Concepts

Dataset

Dataset includes the data and metadate used in benchmark execution process. They can be obtained by the get_train and get_test functions of TsTask for training and testing tasks respectively.

The benchmark framework will download the dataset from cloud for the first time and save them to a cache directory for future use. The cache directory could be configured in file benchmark.yaml.

Task

Task means the training or testing tasks in Benchmark. They are used in Player. Tasks can be obtained by the get_task and get_local_task of the tsbenchmark.api.

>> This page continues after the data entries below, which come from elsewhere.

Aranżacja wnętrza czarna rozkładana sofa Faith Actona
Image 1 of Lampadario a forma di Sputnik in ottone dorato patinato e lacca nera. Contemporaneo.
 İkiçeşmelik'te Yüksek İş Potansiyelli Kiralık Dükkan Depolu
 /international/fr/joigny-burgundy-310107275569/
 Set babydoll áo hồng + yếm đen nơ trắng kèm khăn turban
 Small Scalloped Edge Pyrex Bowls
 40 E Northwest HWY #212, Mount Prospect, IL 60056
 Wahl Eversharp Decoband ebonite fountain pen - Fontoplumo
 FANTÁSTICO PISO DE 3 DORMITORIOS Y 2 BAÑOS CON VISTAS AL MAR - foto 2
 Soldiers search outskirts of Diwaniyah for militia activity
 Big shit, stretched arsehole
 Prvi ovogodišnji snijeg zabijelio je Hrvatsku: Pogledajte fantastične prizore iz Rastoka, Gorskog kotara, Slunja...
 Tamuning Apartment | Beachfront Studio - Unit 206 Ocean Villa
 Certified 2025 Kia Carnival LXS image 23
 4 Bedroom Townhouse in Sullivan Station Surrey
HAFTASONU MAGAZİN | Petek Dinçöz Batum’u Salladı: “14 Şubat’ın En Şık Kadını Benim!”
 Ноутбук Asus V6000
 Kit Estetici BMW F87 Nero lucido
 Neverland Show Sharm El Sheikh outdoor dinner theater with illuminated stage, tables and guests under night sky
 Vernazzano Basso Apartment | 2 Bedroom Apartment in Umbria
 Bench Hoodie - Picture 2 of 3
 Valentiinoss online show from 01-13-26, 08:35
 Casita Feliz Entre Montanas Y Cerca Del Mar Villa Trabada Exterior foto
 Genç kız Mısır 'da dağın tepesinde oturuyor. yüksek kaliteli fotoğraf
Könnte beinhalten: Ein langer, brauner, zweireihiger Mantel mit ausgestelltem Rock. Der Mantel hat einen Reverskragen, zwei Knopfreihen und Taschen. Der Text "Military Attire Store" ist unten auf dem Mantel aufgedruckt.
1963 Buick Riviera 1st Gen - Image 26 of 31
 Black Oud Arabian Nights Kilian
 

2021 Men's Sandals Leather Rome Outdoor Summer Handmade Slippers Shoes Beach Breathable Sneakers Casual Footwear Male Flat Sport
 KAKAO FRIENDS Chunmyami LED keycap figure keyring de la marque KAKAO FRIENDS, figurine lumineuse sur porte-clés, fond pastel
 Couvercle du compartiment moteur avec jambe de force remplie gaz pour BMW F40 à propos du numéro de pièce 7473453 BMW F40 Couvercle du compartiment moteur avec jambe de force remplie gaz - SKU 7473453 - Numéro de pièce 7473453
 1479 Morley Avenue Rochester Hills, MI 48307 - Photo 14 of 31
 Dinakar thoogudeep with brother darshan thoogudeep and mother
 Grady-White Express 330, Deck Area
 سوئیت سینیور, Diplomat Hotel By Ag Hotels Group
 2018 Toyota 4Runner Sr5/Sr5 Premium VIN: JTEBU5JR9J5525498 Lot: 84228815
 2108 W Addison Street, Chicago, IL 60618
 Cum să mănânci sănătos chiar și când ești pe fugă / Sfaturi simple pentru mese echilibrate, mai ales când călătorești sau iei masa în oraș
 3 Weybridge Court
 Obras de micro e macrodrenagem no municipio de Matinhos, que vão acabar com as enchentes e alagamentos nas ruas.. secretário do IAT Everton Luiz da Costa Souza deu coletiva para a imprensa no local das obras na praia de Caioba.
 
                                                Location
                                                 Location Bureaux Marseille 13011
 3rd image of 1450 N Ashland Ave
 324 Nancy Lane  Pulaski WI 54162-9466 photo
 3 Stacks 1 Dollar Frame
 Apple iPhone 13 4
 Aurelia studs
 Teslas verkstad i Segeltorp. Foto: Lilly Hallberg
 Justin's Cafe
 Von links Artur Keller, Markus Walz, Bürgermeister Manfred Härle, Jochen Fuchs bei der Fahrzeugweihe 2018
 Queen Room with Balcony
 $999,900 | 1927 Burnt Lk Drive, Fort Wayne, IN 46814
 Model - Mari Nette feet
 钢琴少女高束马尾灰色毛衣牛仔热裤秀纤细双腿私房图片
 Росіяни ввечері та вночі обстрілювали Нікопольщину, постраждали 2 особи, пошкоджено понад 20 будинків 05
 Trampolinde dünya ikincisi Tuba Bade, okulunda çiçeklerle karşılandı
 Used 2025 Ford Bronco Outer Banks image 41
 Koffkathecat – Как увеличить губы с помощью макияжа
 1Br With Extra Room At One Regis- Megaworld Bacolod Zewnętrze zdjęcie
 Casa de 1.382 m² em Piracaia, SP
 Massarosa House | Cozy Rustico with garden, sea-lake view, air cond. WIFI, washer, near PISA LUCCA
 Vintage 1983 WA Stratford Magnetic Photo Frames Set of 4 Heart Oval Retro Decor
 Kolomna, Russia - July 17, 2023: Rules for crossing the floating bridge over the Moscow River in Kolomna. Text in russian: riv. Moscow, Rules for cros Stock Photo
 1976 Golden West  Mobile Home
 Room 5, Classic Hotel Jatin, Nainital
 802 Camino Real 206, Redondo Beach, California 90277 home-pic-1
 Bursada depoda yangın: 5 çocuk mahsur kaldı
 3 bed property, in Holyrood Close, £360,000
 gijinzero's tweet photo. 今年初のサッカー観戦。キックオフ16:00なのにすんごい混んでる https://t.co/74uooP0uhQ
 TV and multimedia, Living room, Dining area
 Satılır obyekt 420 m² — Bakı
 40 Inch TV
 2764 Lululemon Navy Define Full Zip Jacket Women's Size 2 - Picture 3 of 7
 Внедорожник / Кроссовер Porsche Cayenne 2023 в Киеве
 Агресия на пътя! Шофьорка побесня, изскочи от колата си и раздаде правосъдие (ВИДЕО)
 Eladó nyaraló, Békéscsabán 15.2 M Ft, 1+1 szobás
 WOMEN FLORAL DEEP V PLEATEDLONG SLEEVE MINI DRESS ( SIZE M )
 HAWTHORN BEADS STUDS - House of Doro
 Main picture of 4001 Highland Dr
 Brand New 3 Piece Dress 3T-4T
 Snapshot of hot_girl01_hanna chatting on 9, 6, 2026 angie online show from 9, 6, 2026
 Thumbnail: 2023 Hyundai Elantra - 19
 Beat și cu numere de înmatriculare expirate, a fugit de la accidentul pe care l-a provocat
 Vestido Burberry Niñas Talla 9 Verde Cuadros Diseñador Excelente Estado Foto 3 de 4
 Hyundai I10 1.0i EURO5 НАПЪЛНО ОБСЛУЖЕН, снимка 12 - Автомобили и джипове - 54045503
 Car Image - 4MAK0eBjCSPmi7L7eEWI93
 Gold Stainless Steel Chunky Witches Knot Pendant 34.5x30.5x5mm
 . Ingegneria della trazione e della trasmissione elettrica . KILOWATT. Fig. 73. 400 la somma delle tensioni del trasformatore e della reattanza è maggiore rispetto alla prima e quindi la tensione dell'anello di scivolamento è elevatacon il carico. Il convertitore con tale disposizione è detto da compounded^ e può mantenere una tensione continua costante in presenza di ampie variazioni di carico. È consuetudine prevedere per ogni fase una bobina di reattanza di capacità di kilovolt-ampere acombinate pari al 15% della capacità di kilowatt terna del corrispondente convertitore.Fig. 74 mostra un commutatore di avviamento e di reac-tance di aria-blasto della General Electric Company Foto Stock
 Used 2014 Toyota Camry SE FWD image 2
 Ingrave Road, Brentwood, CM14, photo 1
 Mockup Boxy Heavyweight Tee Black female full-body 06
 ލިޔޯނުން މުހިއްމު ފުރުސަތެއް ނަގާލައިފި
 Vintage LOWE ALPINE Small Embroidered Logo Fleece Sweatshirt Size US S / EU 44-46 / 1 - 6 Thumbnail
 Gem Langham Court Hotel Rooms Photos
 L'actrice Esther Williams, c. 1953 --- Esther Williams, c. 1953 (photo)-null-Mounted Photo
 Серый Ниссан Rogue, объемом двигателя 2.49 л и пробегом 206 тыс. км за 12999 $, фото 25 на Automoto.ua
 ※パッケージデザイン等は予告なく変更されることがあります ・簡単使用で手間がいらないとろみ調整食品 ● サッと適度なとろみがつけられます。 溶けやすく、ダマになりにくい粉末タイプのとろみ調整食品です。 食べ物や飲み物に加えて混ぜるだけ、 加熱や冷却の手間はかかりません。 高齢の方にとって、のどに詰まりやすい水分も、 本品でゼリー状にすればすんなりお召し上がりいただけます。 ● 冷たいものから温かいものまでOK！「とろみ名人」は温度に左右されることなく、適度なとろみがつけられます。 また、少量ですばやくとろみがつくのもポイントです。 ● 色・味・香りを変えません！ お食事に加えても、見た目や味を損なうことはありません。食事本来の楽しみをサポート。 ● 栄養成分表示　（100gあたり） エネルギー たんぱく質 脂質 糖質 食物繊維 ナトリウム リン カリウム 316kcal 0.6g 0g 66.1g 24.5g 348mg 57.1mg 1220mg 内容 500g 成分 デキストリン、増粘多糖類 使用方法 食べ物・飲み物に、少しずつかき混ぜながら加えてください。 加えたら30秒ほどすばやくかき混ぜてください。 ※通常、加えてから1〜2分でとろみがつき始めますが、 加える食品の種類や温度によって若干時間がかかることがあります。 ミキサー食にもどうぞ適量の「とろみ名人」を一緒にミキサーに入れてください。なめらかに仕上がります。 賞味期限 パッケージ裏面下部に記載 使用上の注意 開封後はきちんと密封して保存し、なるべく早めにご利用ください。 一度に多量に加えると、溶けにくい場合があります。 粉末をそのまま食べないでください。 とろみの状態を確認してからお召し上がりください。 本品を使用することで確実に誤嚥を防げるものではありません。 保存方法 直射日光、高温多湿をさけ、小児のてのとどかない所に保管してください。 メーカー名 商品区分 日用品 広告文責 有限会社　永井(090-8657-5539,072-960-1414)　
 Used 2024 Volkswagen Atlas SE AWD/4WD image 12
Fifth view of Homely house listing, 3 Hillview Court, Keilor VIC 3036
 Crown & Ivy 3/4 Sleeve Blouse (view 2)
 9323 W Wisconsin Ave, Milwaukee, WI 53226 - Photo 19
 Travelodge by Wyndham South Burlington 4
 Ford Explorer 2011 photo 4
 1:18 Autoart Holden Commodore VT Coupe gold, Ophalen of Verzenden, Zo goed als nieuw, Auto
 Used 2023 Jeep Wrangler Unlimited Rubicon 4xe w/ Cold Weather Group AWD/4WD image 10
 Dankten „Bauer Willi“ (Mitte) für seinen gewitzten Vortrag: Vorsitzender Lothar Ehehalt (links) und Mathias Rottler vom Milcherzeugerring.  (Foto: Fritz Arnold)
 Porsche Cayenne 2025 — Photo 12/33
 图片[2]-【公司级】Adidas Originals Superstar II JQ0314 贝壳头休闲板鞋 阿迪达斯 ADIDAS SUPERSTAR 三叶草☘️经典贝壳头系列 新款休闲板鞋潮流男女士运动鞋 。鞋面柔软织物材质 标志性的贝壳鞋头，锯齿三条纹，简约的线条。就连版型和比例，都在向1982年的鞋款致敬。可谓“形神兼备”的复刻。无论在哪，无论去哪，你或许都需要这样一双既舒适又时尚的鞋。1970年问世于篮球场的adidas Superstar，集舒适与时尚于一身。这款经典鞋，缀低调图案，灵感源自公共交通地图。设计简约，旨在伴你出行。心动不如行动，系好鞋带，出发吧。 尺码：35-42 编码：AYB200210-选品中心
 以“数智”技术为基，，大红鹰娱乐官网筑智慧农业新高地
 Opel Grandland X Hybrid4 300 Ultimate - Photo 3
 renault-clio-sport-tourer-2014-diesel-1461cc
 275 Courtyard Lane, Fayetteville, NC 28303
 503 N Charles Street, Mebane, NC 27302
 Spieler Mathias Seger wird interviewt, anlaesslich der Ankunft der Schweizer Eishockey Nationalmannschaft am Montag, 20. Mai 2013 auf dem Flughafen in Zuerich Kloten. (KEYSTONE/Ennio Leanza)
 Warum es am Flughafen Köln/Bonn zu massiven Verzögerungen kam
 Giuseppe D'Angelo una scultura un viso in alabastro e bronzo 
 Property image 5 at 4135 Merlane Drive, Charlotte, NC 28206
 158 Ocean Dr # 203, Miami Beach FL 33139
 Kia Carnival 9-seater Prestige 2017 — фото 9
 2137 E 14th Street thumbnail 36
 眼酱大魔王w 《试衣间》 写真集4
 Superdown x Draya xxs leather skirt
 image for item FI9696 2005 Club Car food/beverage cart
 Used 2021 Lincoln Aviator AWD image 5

Task consists of the following information:

data，include training data and testing data
metadata，include task type, data structure, horizon, time series field list, covariate field list, etc.
training parameters，include random_state、reward_metric、max_trials, etc.

Player

Player is to run tasks。A player contains a Python script file and an operating environment description file. The Python script file could call functions from TSBenchmark api to obtain the dataset, specified task, training model, evaluation methods and so on.

Benchmark

Benchmark makes the Player performing specified Task and integrates the results into one Report. These results have differences in running time, evaluation scores, etc.

TSBenchmark currently supports two kinds of Benchmark implementation：

LocalBenchmark: running Benchmark in local mode
RemoteSSHBenchmark: running benchmark in remote mode through SSH

Environment

The operating environment of player can be either custom Python environment or virtual Python environment which are defined by the requirement.txt or .yaml file exported by conda respectively.

Report

Report is the valuable output of the Benchmark, It collects the results from players and generates a comparison report, which contains the comparison results of both different players same benchmark and same player different benchmarks.

The results include the forecast results and the performance indicators, such as smape, mae, rmse, mape, etc.